I started wearing one of those fitness trackers recently—the kind of watch that monitors the number of steps you take in a day, keeps track of your various workouts and monitors your sleep patterns. I’m admittedly late to the game with these wearable fitness trackers, as it seems like every grandma in the grocery store is checking her Fitbit for a step count. I pride myself on being a late adopter to most technology, jumping on the bandwagon just as the technical trend is about to be usurped by something better. See my Napster account and state of the art VHS/TV combo as proof.

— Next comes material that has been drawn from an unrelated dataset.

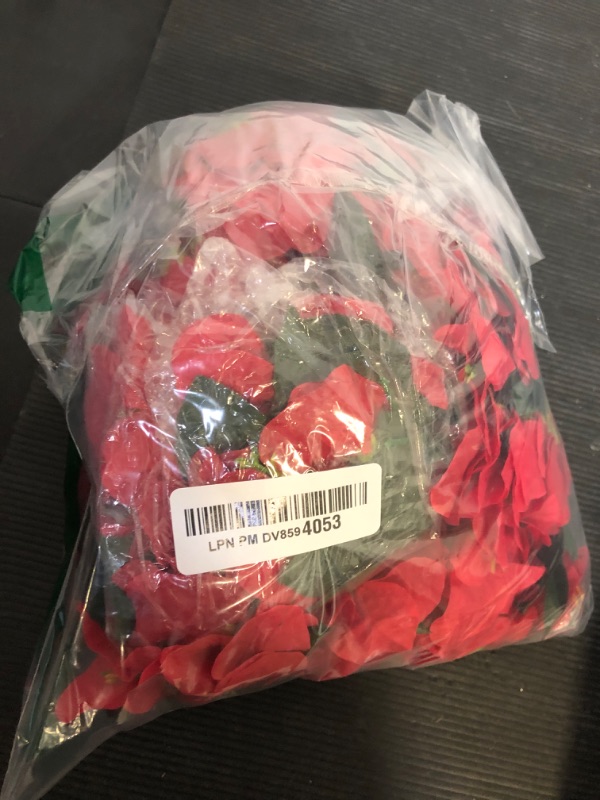 Photo 1 of Artificial Faux Bougainvillea Flowers Plants for Outdoor Outside Summer Decoration, 2 PCS Fake Silk UV Resistant Look Real Long Trailing Vines for Front Door Porch Planter Urn Patio Balcony, Red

But when I finally do adopt yesterday’s hot trend, I go all in. It took me a long time to acquiesce to Strava, but now I can’t imagine taking a ride without turning it on. If I’m not going for KOM, then what’s the point? So, I’ve been geeking out on this fitness tracker, digging into all of the data that it’s been collecting on me throughout each day. I’ve learned that I don’t walk nearly as much as I should. I’m lucky to reach half of my 10,000-step goal on any given day, largely because I work from home and going back and forth between the fridge and the couch doesn’t add up to a lot of steps. I’ve learned that swimming for 30 minutes and running for 30 minutes burn about the same amount of calories. I’ve learned that there’s no reason for me to be tired every day, because I actually get way more deep sleep than the average adult.
It’s fun to get nerdy on all the data these fitness trackers can mine from your day, but much like Strava, there’s a dark side. It’s turning every aspect of my life into a competition. I find myself taking the long way to the refrigerator in order to log more steps than I logged yesterday. I want that digital badge the fitness tracker’s app sends me when I finally meet my step goal. I hear it’s amazing. I can take a look at a week’s worth of sleep and eliminate the factors that led to a restless night in bed. Now I know that when I have three cocktails at 10pm, I get much less deep sleep. I want that deep sleep badge, so I cut out the cocktails. This is what you’re supposed to do with a fitness tracker. Analyze the data and make adjustments to be the best version of yourself.
On the surface, this sort of competition is good. The fitness tracker is making me walk more. Rumor has it that walking is healthy. But it’s also exhausting. Not the actual walking, but the caring about the walking. That’s what’s exhausting. Giving a shit. Giving every aspect of your life a goal, from your sleep to the number of bowel movements you have in a day, then obsessing over hitting those goals…that’s exhausting and I’d argue pretty unhealthy. Granted, that obsession is all on me. I’m the one that’s turning every aspect of my day into a competition. That’s a my bad situation, but the fitness tracking industry is definitely an enabler here.
Still, I dig having all that data at my disposal. Although I feel there’s an aspect to these wearables that’s missing. They can count calories and log steps and measure heart rate, but they can’t quantify stoke. That feeling you get before going over a big drop on a mountain bike, or riding the first chair on a ski lift, or waxing your board on the beach before hitting the water…that combination of fear, excitement and anticipation. Imagine a wearable that tracks the number of times you’re stoked in a day. That’s a better measurement of a healthy life. Show me a tracker that can do that, and I’ll happily fork over my hard-earned money for it. Eventually. Just before it’s being replaced by something better.